The French Revolution of 1789 is often billed as “the birth of modern politics” and the Jacobins who took it over “the first modern political party.” Indeed, they shared more than a little in common with the Bolsheviks who took over Russia in 1917. It wasn’t enough to have a regime change; both the Jacobins and the Bolsheviks felt they had to remake their respective countries from the ground up. There came to be a “revolutionary” way of doing everything! In this way did the the French Revolution differ from the American Revolution that inspired it.

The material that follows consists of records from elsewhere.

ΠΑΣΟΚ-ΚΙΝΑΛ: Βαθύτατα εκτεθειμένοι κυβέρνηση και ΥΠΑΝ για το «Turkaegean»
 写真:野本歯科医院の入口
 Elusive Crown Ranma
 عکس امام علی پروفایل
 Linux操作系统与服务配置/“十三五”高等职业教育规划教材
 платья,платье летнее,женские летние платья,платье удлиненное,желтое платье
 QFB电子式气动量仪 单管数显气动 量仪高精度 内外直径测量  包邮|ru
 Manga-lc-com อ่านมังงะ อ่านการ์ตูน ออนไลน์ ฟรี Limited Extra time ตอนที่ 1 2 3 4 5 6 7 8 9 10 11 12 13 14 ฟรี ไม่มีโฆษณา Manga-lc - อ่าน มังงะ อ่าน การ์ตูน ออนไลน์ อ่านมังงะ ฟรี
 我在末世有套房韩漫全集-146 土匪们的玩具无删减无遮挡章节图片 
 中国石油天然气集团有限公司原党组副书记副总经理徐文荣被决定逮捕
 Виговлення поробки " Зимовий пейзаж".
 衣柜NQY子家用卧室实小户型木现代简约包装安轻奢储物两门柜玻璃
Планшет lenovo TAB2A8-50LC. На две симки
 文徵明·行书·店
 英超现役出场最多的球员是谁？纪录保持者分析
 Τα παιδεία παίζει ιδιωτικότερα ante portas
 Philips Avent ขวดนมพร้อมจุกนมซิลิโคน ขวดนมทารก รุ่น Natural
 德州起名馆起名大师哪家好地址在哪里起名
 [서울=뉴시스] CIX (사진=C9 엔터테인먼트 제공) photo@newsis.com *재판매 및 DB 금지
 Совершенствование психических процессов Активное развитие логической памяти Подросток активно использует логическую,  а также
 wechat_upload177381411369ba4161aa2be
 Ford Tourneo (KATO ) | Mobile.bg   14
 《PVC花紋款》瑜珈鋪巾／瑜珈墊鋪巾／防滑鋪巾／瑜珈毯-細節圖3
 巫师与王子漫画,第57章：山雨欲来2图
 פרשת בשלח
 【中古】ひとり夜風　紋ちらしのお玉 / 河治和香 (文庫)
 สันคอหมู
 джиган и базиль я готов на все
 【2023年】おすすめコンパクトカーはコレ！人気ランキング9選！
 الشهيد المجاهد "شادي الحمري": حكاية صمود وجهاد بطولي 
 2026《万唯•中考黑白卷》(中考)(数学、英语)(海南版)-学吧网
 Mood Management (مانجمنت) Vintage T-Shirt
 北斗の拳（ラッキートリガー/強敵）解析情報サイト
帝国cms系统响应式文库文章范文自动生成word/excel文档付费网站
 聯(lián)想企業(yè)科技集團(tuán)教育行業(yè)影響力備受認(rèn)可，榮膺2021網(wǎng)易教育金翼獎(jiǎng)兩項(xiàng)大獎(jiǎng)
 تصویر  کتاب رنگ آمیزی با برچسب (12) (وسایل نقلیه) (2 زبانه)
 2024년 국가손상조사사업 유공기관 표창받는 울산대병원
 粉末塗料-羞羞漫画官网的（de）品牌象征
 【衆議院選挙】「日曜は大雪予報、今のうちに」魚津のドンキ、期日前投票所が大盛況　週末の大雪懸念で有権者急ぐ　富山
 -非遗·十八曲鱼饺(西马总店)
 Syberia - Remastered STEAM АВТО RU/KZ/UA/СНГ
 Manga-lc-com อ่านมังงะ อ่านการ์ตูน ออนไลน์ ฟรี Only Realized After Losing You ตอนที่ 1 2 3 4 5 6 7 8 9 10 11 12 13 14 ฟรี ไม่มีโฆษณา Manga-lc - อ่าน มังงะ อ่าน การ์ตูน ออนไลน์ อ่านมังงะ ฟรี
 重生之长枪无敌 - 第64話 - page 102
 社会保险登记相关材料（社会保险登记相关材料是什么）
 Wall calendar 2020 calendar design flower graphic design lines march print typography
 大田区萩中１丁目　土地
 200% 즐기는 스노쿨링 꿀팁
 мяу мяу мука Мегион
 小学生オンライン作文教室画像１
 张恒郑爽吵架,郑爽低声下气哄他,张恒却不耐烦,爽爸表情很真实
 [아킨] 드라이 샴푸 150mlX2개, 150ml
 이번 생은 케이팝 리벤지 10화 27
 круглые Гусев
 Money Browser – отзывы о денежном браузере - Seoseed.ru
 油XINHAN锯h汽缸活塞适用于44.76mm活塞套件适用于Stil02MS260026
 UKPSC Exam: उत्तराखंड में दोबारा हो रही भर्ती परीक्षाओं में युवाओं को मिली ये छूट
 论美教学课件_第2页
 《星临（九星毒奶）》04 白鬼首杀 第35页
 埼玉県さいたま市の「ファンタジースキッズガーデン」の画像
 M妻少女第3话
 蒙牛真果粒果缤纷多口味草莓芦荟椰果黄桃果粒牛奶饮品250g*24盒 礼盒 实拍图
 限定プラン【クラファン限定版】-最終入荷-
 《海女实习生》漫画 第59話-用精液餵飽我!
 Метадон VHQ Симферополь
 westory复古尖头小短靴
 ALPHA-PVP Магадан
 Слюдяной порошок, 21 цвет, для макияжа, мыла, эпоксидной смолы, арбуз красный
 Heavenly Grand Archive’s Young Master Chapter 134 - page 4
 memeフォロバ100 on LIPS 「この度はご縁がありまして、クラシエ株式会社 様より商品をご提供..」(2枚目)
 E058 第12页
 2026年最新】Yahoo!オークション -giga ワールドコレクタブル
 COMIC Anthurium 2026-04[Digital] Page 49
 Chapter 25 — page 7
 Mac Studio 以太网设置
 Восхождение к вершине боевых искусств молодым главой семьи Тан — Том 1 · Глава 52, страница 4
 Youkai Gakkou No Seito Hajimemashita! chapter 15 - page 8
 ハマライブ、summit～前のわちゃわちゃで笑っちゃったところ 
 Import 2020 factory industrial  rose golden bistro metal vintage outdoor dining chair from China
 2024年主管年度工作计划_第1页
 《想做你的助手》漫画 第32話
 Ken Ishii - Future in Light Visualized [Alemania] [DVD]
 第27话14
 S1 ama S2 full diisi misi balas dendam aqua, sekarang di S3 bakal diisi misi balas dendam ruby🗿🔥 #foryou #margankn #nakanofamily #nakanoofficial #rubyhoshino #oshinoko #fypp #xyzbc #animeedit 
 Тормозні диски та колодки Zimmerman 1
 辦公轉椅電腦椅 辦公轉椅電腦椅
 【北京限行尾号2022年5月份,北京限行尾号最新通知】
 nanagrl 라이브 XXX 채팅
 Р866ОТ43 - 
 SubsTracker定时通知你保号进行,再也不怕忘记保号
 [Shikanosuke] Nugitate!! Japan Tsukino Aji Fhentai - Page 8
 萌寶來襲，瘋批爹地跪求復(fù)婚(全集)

For the Americans to dissolve the political bands that tied them to the British crown was psychologically easy enough, given that 3500 miles of ocean separated the two; the Americans adopted a new flag and national emblem, and rejected anything monarchial, but left pretty much everything else about their society intact. The situation was rather different in France, given that the government, and its numerous supporters, were all right there, and ready to make alliances with neighboring powers hostile to the revolution. Thus there was a greater imperative to extirpate everything associated with the ancien régime, through terror if necessary.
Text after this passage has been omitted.